1982 ANAYASASI PARLAMENTER SİSTEM FALAN DEĞİL İDEOLOJİK YAPILANDIRILMIŞ BİR ANAYASADIR
Yrd. Doç. Dr. Nebi Miş konuşmasını, Türkiye’deki siyasal sistem arayışlarını tartışırken felsefi bir yaklaşım olarak mı yoksa ihtiyaçtan ötürü mü tartışmak gerektiği noktasında şekillendirdi. “Siyasal sistem arayışında parlamenter sistemin sorunları var ki yeni bir sistem arayışını gündeme getiriyoruz” ifadesini kullanan Miş, “Türkiye tipi sistem olur mu diye tartışmalar var.

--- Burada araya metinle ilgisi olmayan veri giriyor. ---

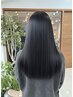 カット+美髪縮毛矯正+髪質改善tr　￥24200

Ama Türkiye’nin 1870’lerin ortasından itibaren uyguladığı parlamenter sistem klasik bir parlamenter sistem değil. Bu sistemlerde vesayet mekanizmalarının güçlü olduğu, siyasal alanın sürekli parçalandığı ve Türkiye’nin tarihsel blok diyebileceğimiz, stratejik elit blokların hizmetine sunulan bir siyasal sistem çerçevesi ortaya koyuyor.
1909’da biraz daha çerçevesi demokratikleştirilen, çoğulcu bir yapıyı ortaya koyan parlamenter sistem 1913’den 1918’e kadar tek parti otoriterliğini, 1924 Anayasası ile klasik anayasa ile parlamenterizme yaklaşsa da yine 1950’lilere kadar demokratik bir çerçeveyi sağlayamayan bir sistem. Ve tüm kurucu dinamikleri de bu dönemde oluşmuştur. 1960 Darbesi’nden sonra İngiliz klasik parlamenterizmine anayasal olarak yaklaşsak da sistemi maalesef vesayetçi yapıları mümkün kılan bir sistem. 1982 Anayasası ise, parlamenter sistem falan değil kendine özgü, Türkiye’ye özgü yazılan cumhurbaşkanına geniş yetkiler veren, sistemi kendi içerisinde denge mekanizmasını fren mekanizmasını demokratik unsur olarak değil, ideolojik yapılandırılmış bir anayasadır” şeklinde konuştu.